More heritage stock moves to safety in the Ukraine
FOLLOWING urgent advice from the Ukraine government, which has moved its own railway rolling stock away from the border with Russia’s ally Belarus, fearing further invasions from the north, the volunteers of the Korostiv Railway Museum have had to do likewise.
They were storing three diesel locomotives, a trolley, and other artefacts at a narrow gauge site in Antonivka, all of which have been urgently loaded onto lorries and moved to their little base in the Carpathian mountains, which has now become grossly overcrowded.
I visited Korostiv in July, a beautiful site surrounded by wooded hills. Originally the location of a forestry railway, removed many years ago, it offers the potential for a lovely ride up into the hills.
However, the small reconstructed site, gradually being extended, is now packed with the rest of the collection – other than the little steam engine saved from the Russians (as described in issue 293) that is now being dismantled in Ternopil, 125 miles to the east. Ukraine, like many former Soviet republics, has no tradition of volunteering and the idea of preserving a narrow gauge railway is incomprehensible to many locals.
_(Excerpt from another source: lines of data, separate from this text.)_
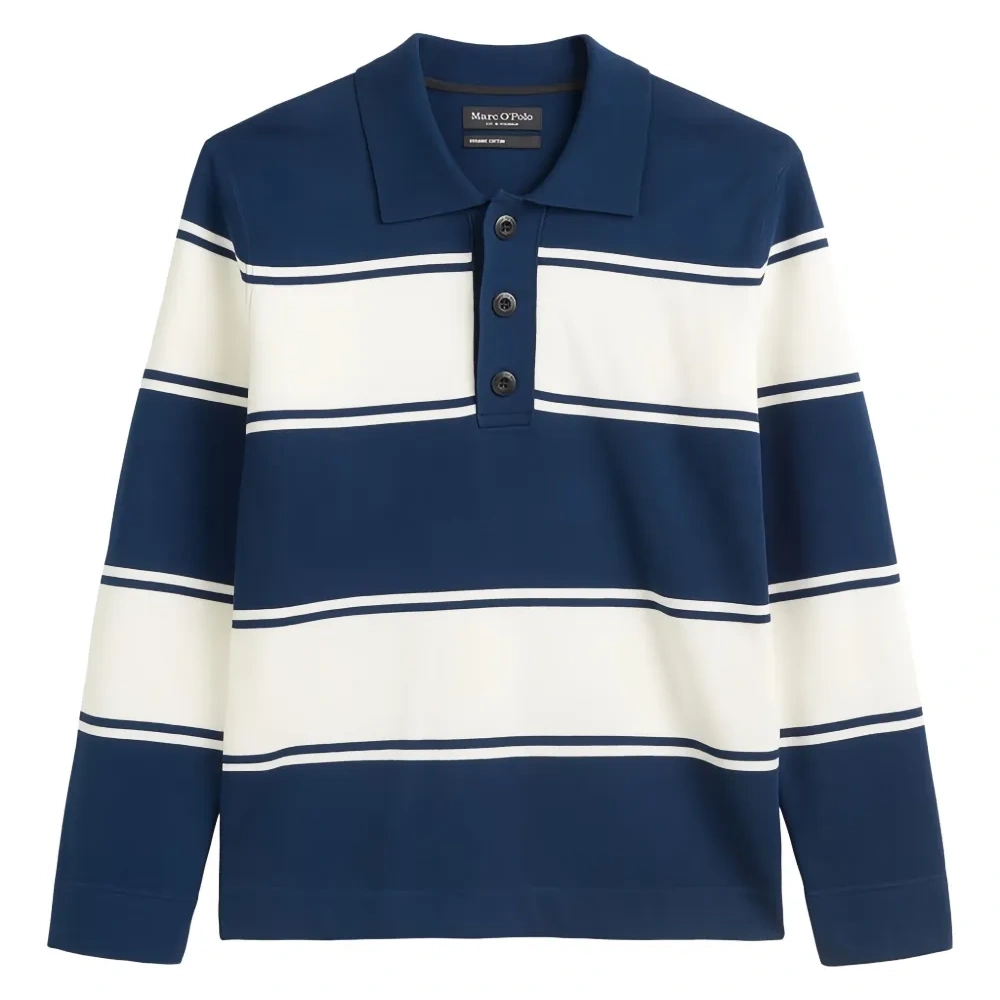 полосатая рубашка поло с длинными рукавами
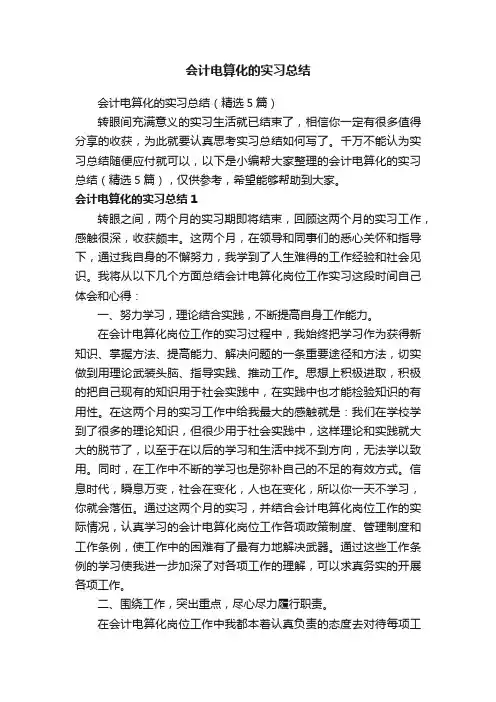 会计电算化的实习总结（精选5篇）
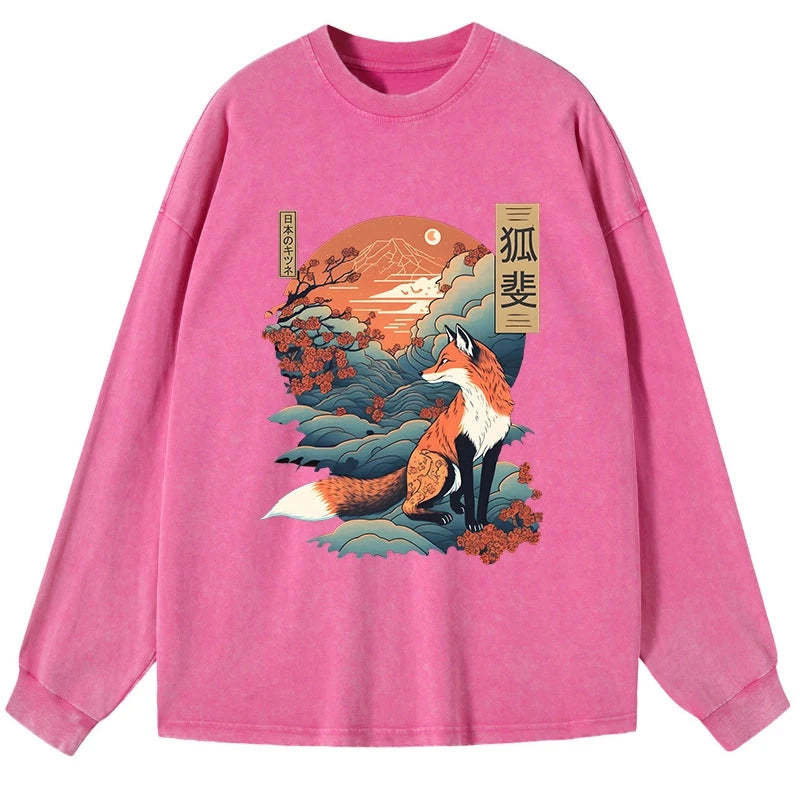 Tokyo-Tiger Japanese Kitsune Fox Sakura Washed Long Sleeve T-Shirt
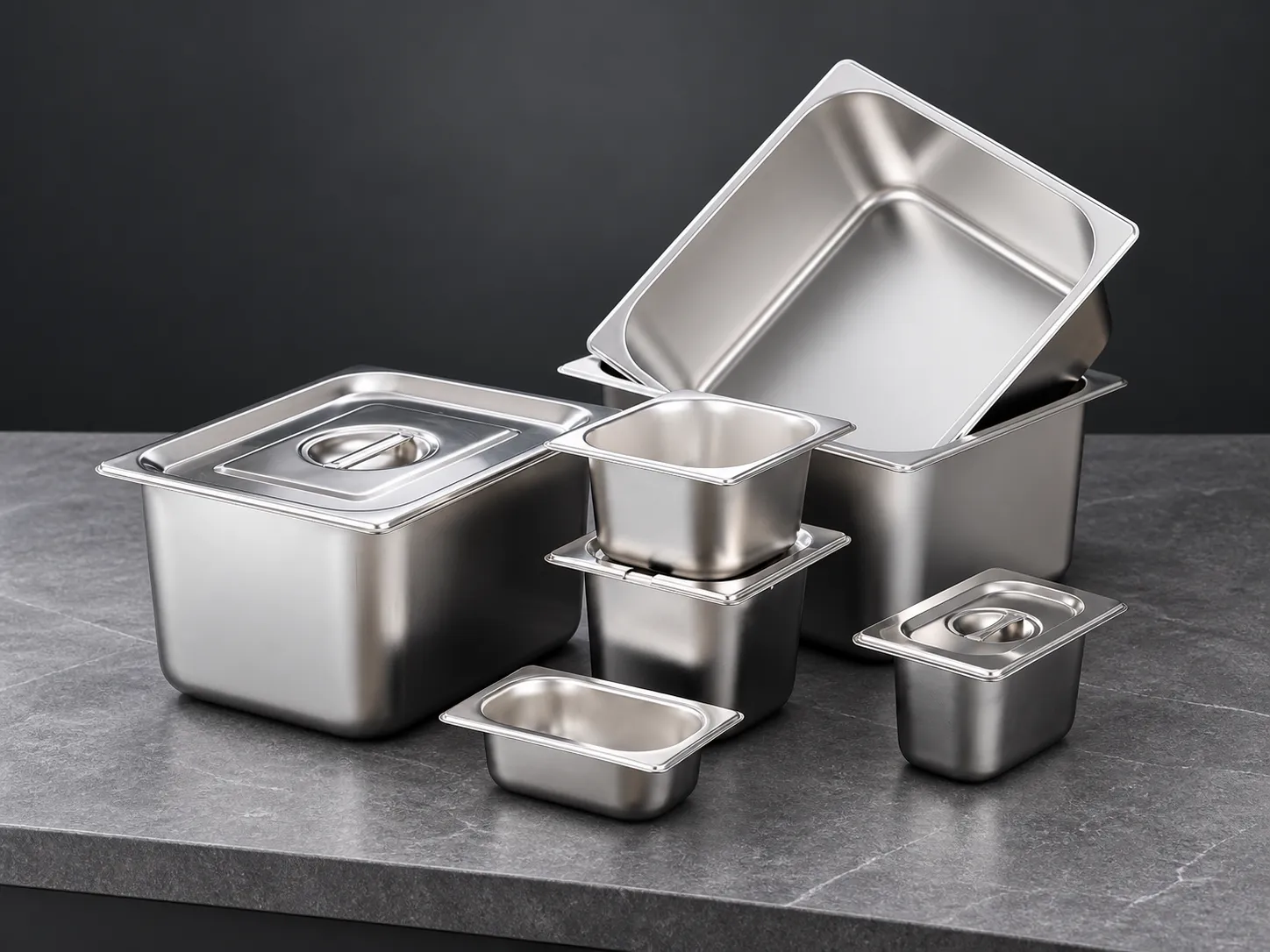 American-style deep and small hotel pans with a tilted open pan showing its interior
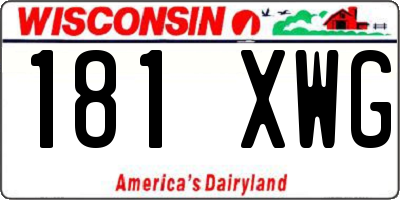 WI license plate 181XWG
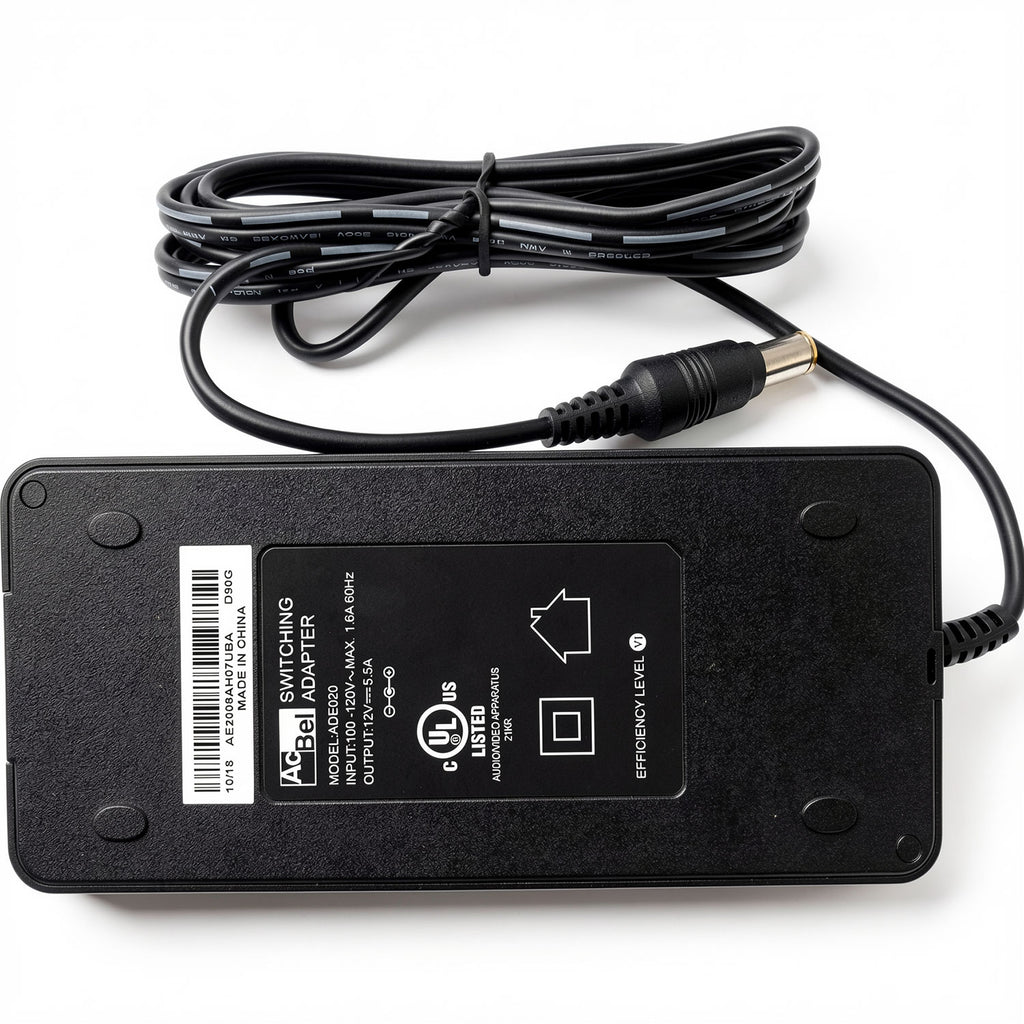 AcBel 66W AC power adapter ADE020, 12V 5.5A switching charger with 6.5mm x 4.4mm center pin for medical monitors.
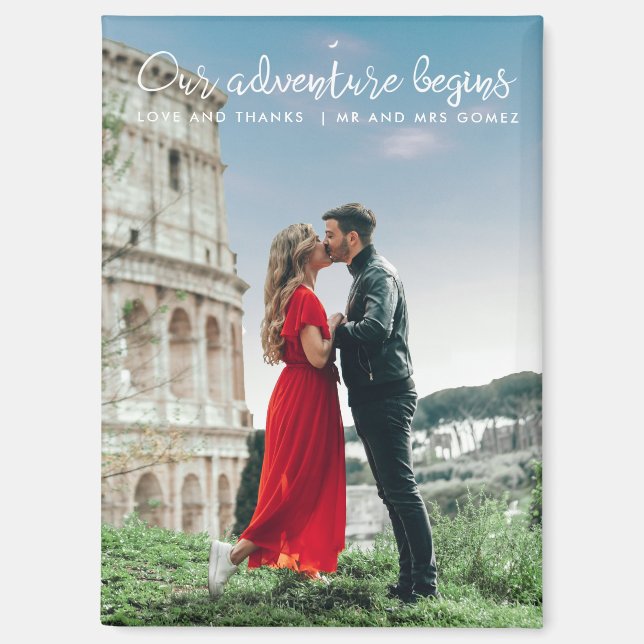 Imán Nuestra aventura comienza. Foto Gracias Boda (Anverso)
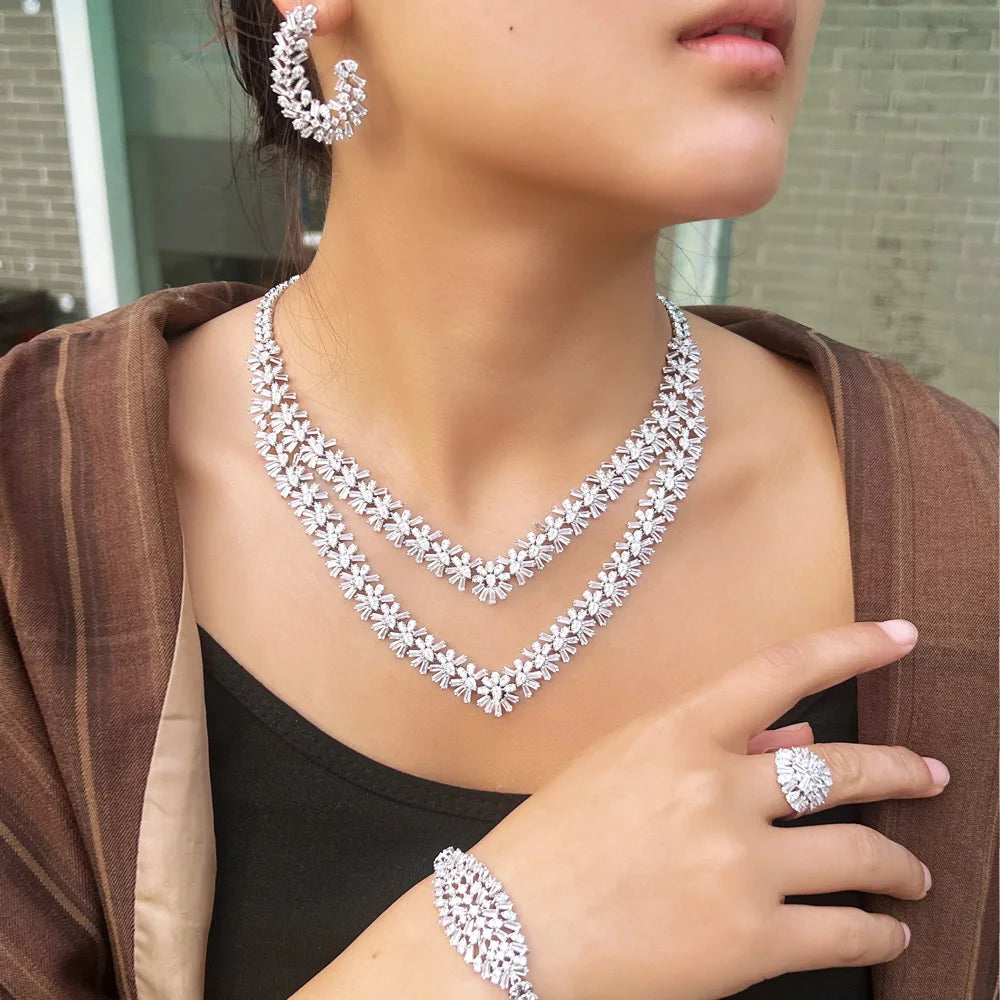 High Quality Cubic Zirconia CZ Women Jewellery 2024 Arabic Bridal Jewelry Set for Women Wedding Pakistani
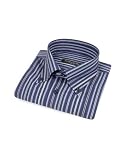 Forzieri Blue Variegated Striped Cotton Dress Shirt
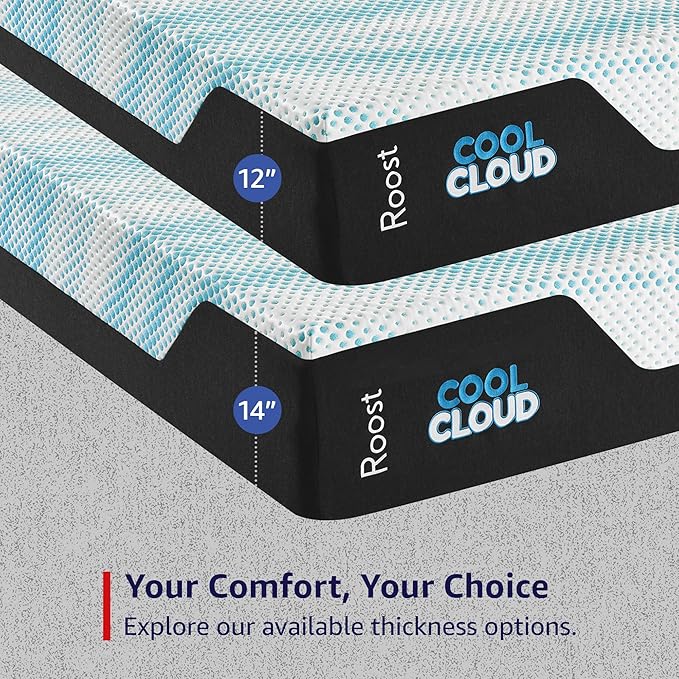 ROOST SLEEP Memory Foam Mattress, 12-Inch King – Cool Cloud Gel Foam Bed with Plush Pressure Relief and Supportive Comfort – Cooling Sleep Surface for Deeper Rest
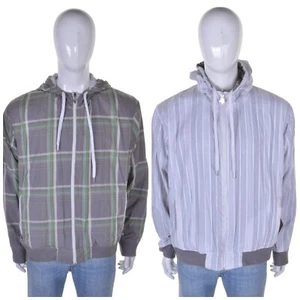 VINTAGE Reversible Hooded Jacket XXL 2XL Striped Checked Coat 90s Y2K - Picture 1 of 16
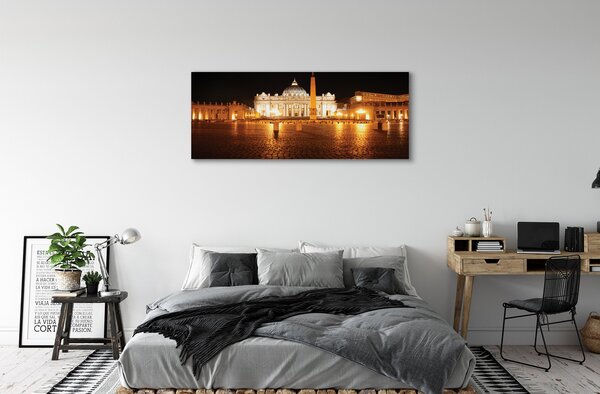 Obraz canvas na ścianę Plac przed Bazyliką Nocą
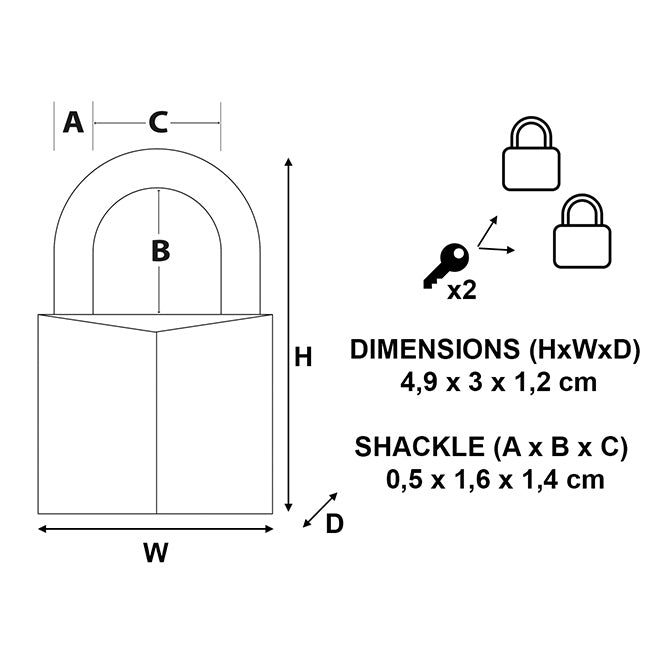 Master Lock 130QΣυ λογή Λουκέτο Ορειχάλκινα 30mm Σετ 4 Τεμ Με Ίδιο Κλειδί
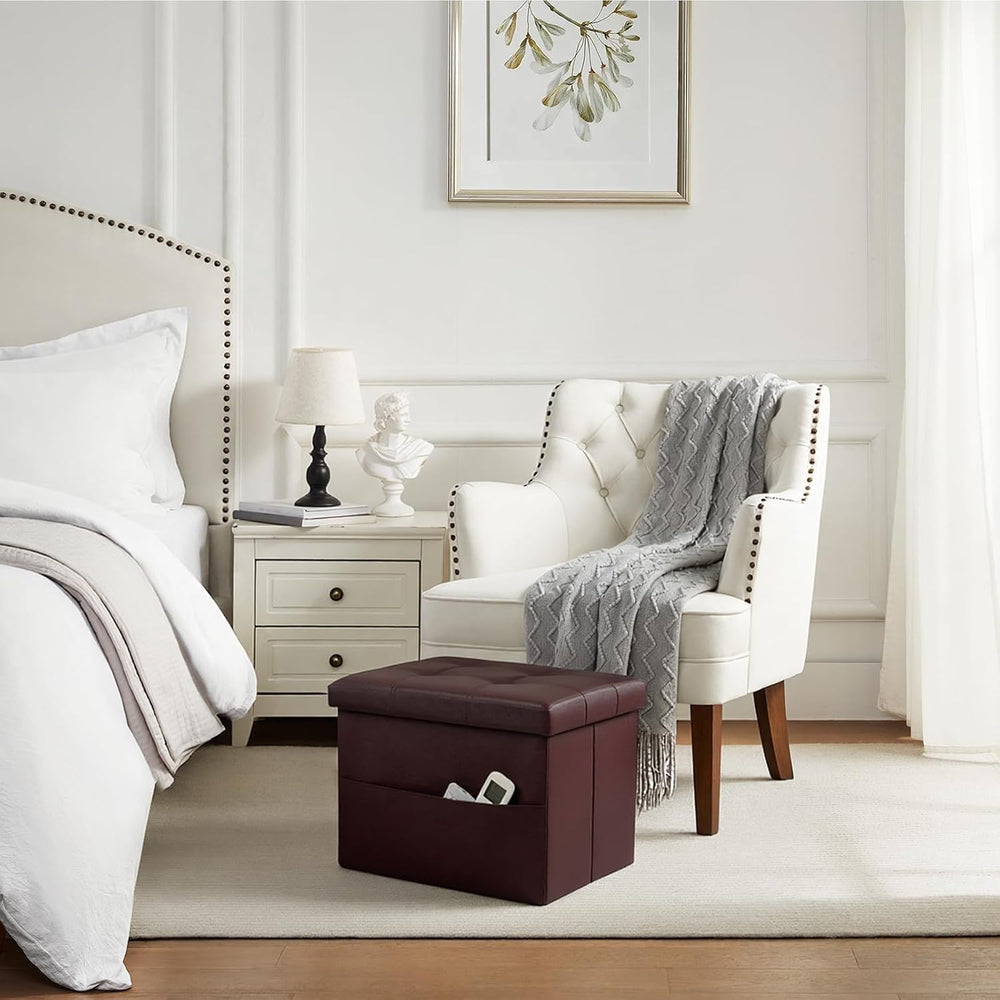 Bsketa Storage Ottoman Bench, 16" Folding Leather Foot Rest, Brown 2 Pac...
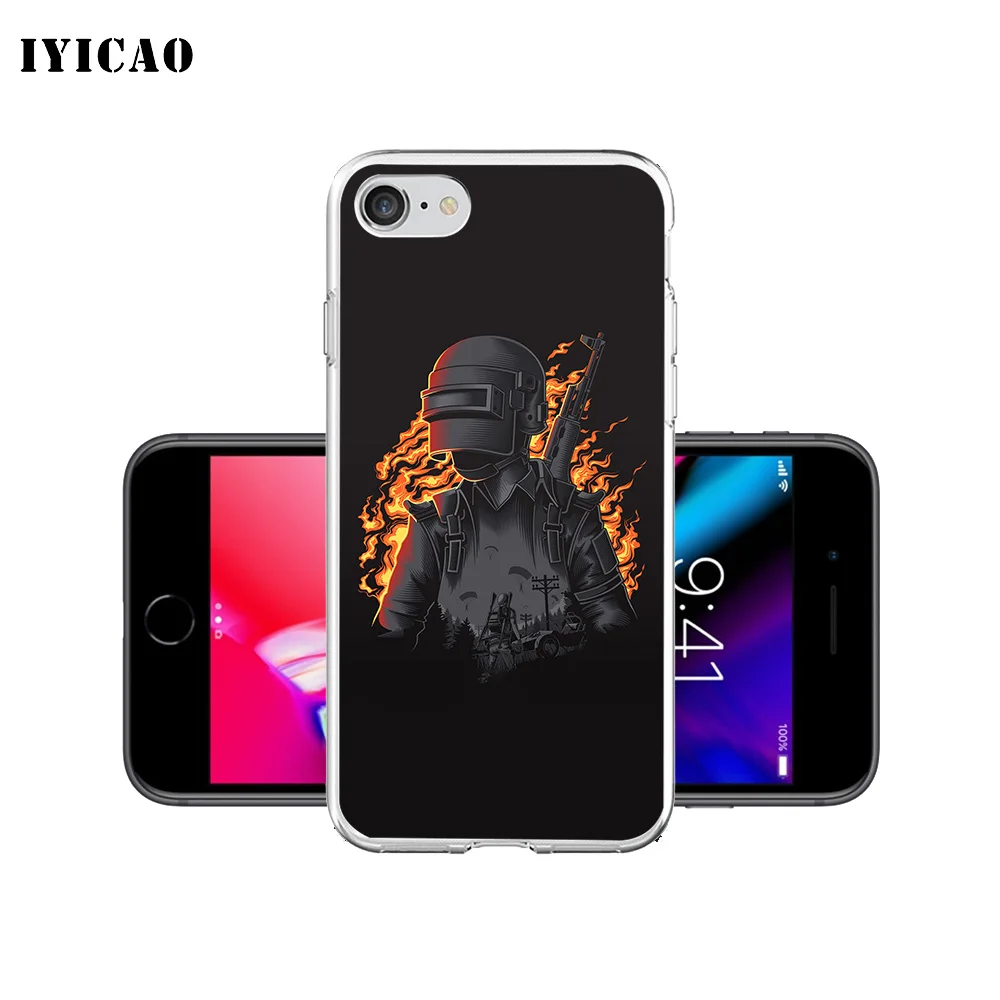 IYICAO PUBG игровой Мягкий силиконовый чехол для iPhone X XR XS MAX 6 6s 7 8 Plus X 5 5S SE TPU чехол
However, assisted by an Austrian, Wolfram Wendelin, over many years, a group of enthusiasts have started a tourist line from scratch.
Just like so many British lines, they started by trying to save whatever they could, long before they had a line to run stock on. Fortunately they had somewhere to take their collection to – even if it’s now somewhat overcrowded, and once they have paid for the transport they have to build new track and some kind of protective shelter.
The positive side is that Korostiv is in the countryside, a popular tourist area but with few problems of vandalism or theft, but winters are cold and harsh in the Carpathians.
These people are doing what it takes to save these objects, some of which have survived through at least one world war only, to find themselves in the middle of another major conflict.